- Four stages of a scientific discipline; four types of scientist
By Alexander M. Shneider
Trends in Biochemical Sciences
Volume 34, Issue 5, May 2009, Pages 217-223
In this paper, Shneider suggests to distinguish four different stages of a scientific discipline, that I will briefly summarize below. It is somewhat ironic the author writes he believes "this analysis could be instrumental for individual researchers in their career planning," but then publishes his paper in a subscription journal that wants to charge you US $ 31.50 for a 6 page article.
The identification of different stages through which a research program goes is an approach that resonates with me. I have been previously referring to this vaguely as "the stage of creative process," and have pointed out many times that there can be no overall prescription for what amount of "transformative" and "conservative" research a discipline needs that does not take into account different fields are in different creative phases. Thus any call for more support of one or the other research style is an oversimplified panacea that might or might not work in one or the other case.
However, though Shneider's paper is interesting, I don't find it very well thought through. In particular, the author tends to speak of the characteristics of a "science" and of "scientists," though I doubt these ever occur in a pure form. It would be more useful to characterize a specific research project, and then identify the stage of the discipline by what sort of projects are mainly pursued, or similarly characterize a scientist by what sort of projects he mainly works on.
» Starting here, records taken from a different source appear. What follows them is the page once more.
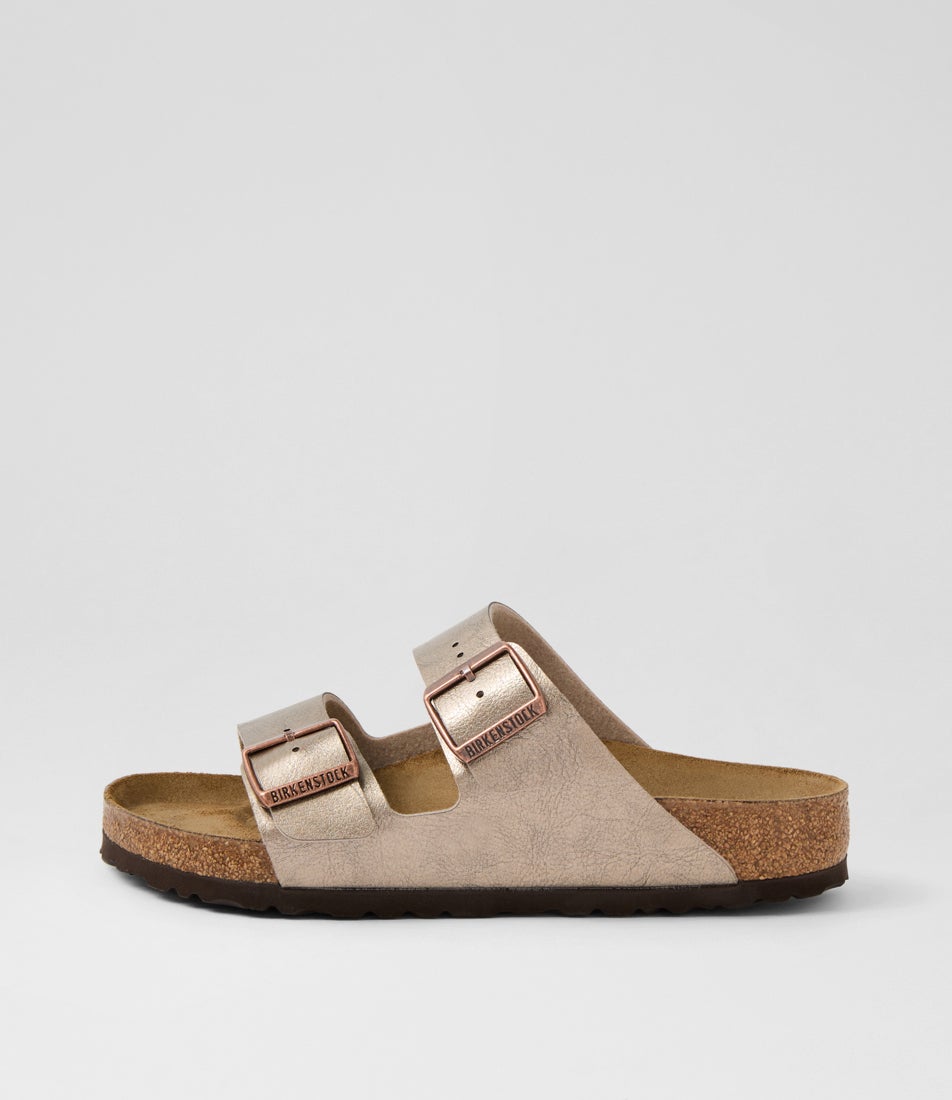 Arizona Graceful Taupe Birkoflor Slides Arizona Graceful Taupe Birkoflor Slides
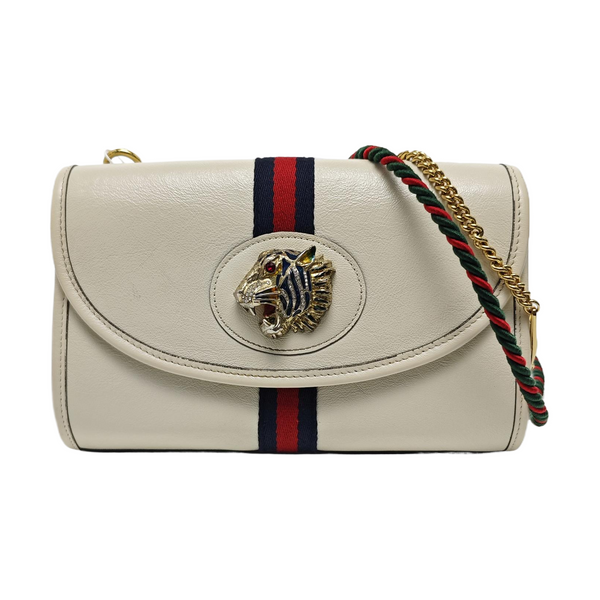 Rajah Small Calfskin White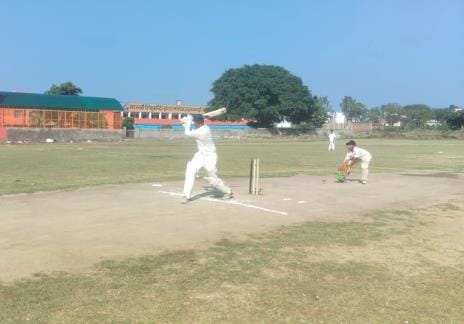MCA Red won the trophy by winning the series 2-1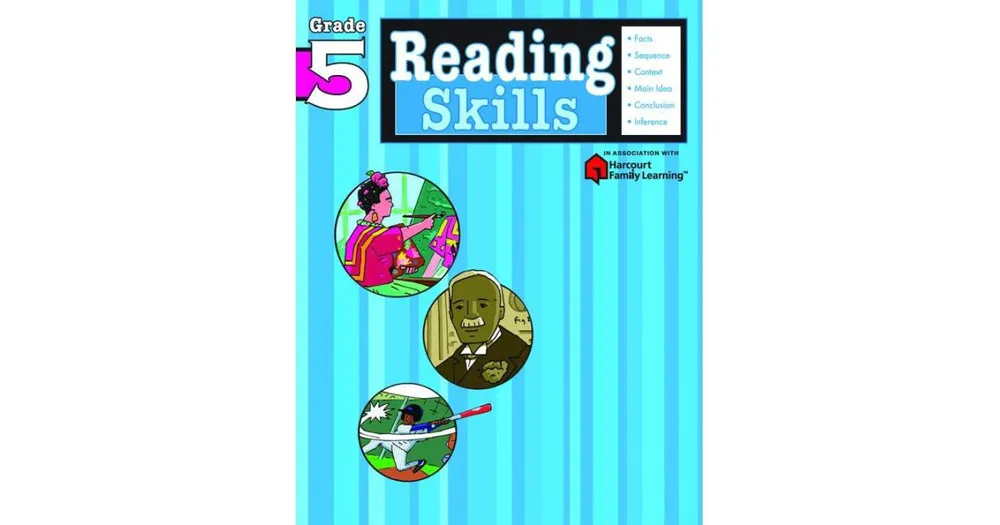 Reading Skills, Grade 5 (Flash Kids Reading Skills Series) by Flash Kids Editors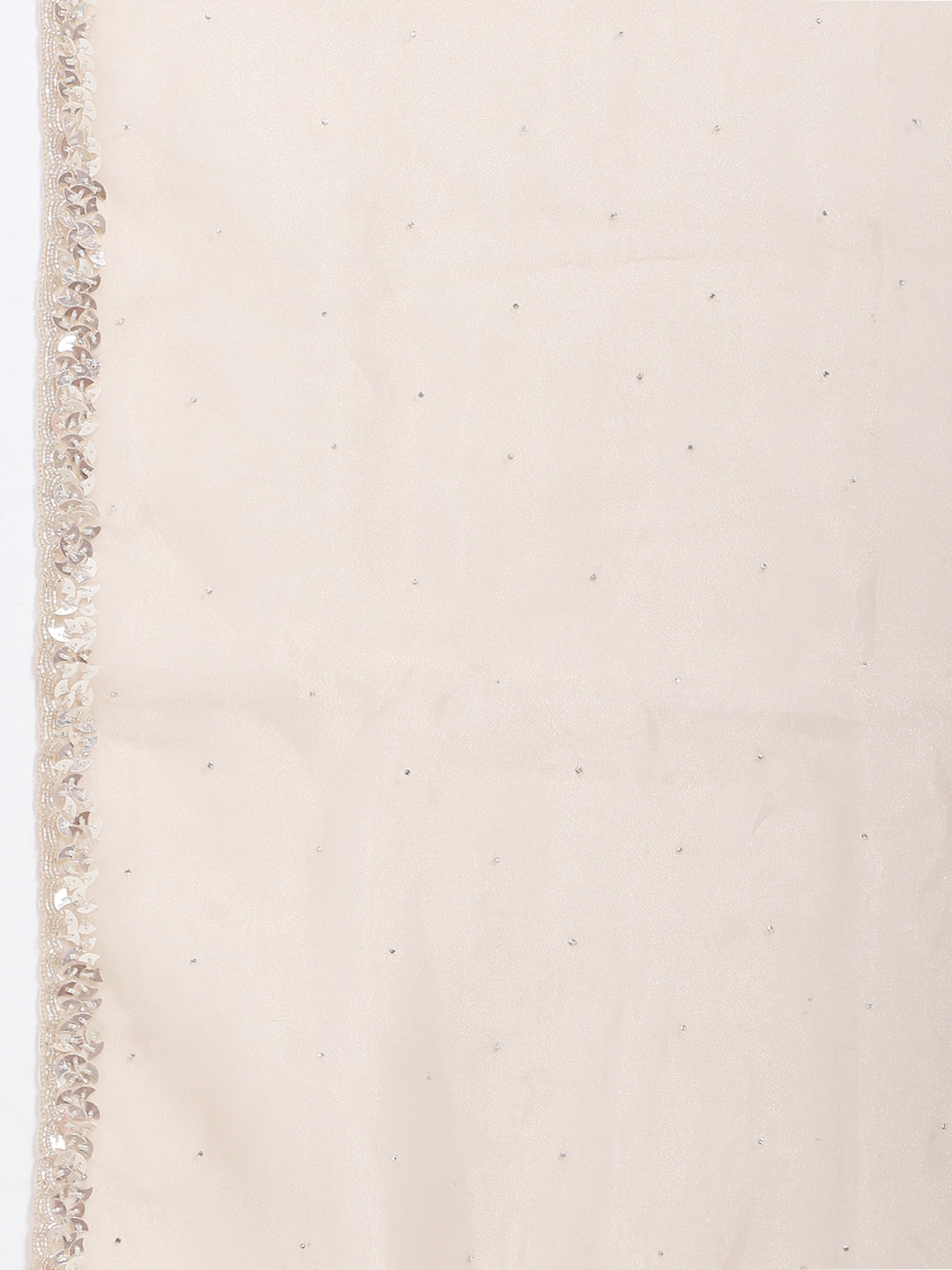 Sequence Embroidery Tissue Saree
You also wouldn't call a restaurant or its cook "spicy," you'd call a dish spicy and then say the restaurant offers many spicy dishes, and the cook is known for them.
In any case, here the characteristics of the four stages:
- Introduction of new subject matter
- New scientific language
- Often based on new observations and/or experimental results
- First stage scientists not necessarily the ones who discover new facts
- First stage scientists often need to be somewhat imprecise or inaccurate because not all necessary facts are known or properly comprehended
- Theory often contains uncertainty
- First stage scientists do not always possess exquisite technical skills.
- Philosophical, aesthetic and cultural views, analogies and literature are instrumental to the first stage scientists' mode of thinking
- Development of major techniques
- Often re-applications of methods previously developed in another discipline (plus rethinking and adjustments to new task)
- Main characteristic of second stage scientists are ingenuity and inventiveness, an ability to implement ideas and a high risk-tolerance
- Most of the actual data and useful knowledge is generated
- Re-description of subject matter, creation of new insights and questions
- Difficulties and unexplained phenomena often give birth to new first stage
- Most useful personal qualities of third stage scientists are detail oriented, neat, hard working
- Extensive knowledge of philosophy or art is not instrumental
- Communication and carrying on of knowledge
- Reviews, organization of knowledge
- Without the fourth stage scientists, the explosion of new data generated at the third stage would be chaotic
- Development of applications
- Re-evaluation of the role of the discipline in a possibly changing social and cultural context
- Forth stage scientists use a broad spectrum of cultural and philosophical views
- Forth stage work serves to inspire new generations of scientists
The paper also has some remarks on how these four stages relate to Kuhn's theory of scientific revolution. The author points out that Kuhn was aiming at characterizing paradigm shifts, not the life-cycle of scientific disciplines.
I think one should consider that a discipline might run into a case of arrested development in any stage, in which case too much effort goes into the wrong research direction. Unfortunately, such cases might become self-supporting due to the present organization of the academic system in which people go where money goes, and money goes where people go. This leads to the formation of the scientific analog to economic bubbles. As a result, the amount of people working in a field does not accurately reflect its actual promise.
Shneider provides many examples, but these are dominantly from past centuries and from biology and chemistry. If you have a current example, leave it in the comments.